Tuesday 16 November 2010
 

Faith and Enlightenment: Friends or Foes?

by Dr. Rowan Williams, Archbishop of Canterbury 
 
 

 
A transcript of the lecture given to a capacity audience in the Eli Chinn Hall can be found here.
 
 
The following is edited highlights of the highly informative Question and Answer Session fielded by the Archbishop after the lecture:  

 

Israel

That Israel is a legally recognised state with a right to exist and to defend itself, I’ve always recognised as axiomatic; and precisely for that reason, Israel has to argue as a state within the arguments about moral and political issues of the states of the world.

Covenant

I certainly don’t want to say that anything abrogates or ends the covenant with the Jewish people. I don’t think I could read my Bible on that basis. The discovery (self revelation) of the covenanting, the faithful God which takes place in the history of the Jewish scripture records the way in which the understanding of the promise-keeping God takes a new turn with the emergence of the Christian community - and another one with the emergence of the Muslim community later on which raises all sorts of fresh problems. So if I am asked: “one covenant, two covenants or three”; my inclination is rather to say: ‘Well no actually, one promise-keeping God is what I’m interested in here’. And exactly how the different communities that have discovered that promise-keeping God make sense of one another is going to be a long job. But it won’t happen just by taking a scissors to covenantal history – whether this replaces that or whether there are three independent things.
 
‘The Old Testament’ as a phrase certainly suggests a superseded part of the Bible, which is why I try to remember to say ‘the Jewish scriptures’ or some such phrase, rather than use a question-begging term like that.
 

Big Society

Q (Michael Howard): Archbishop, I hope you won’t think this too provocative a question. It seems to me that in the vision of society which you portray, going beyond the road of the individual, you were coming quite close to providing an intellectual blueprint for the Big Society. Would you be happy for what you have said to be characterised in that way?
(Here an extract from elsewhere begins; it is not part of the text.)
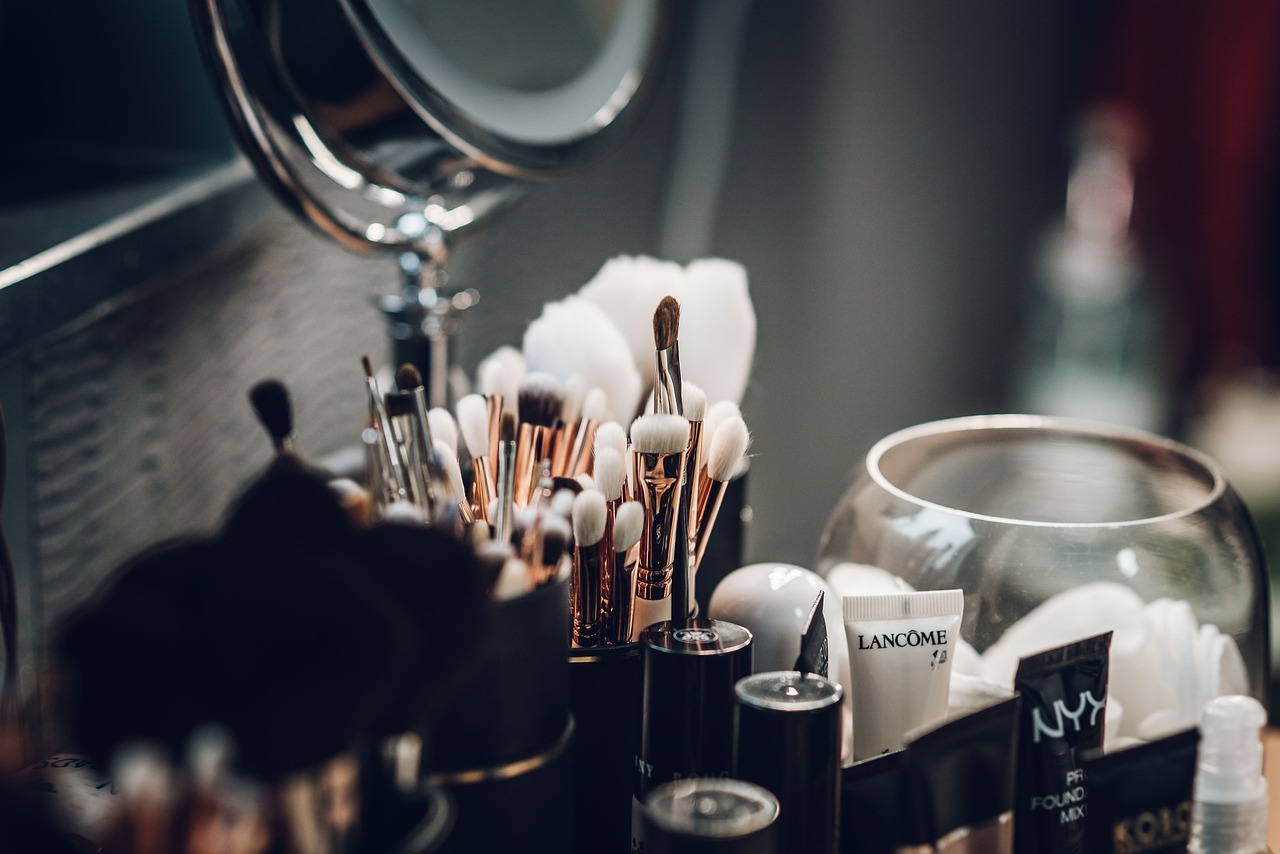 découvrez comment créer vos cosmétiques naturels maison avec des recettes faciles et des ingrédients simples pour une beauté saine et écologique.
A: Very fair question I think, because actually one of the things that I have found myself saying in the last couple of weeks about the Big Society debate is that in fact quite a lot of what is being talked about is very much what religious people of various colourings believe about the nature of mutual responsibility, mutual accountability and a politics that empowers rather than disempowers communities at grass roots level. Now I think there is a great deal of potential there and I think it’s fascinating that this is the debate we are now being encouraged to have in our society. And as I said at the Guildhall last night, I think it is one of the most significant contributions that has been made by the coalition government to our political arguments in the country and I look forward to more work on this. I think it’s a fascinating open door and I think it is also a cruel irony that this has come through at the same time as we are having to ask all these appallingly difficult questions about where we save money.
 
And I do take seriously what a number of my friends across the river from Lambeth Palace have said: the Big Society ideal is independent in its origins from a money saving exercise, and it is unfortunate that it has come at a time when it is easy to be cynical about that. I don’t think we should be, but that’s one of the difficulties. However, in basic terms, yes I think it is an opportunity for people who have a strong commitment to that vision of mutuality and mutual empowerment to get out into the public sphere and have those arguments more robustly and intelligently than we might have had ten years ago.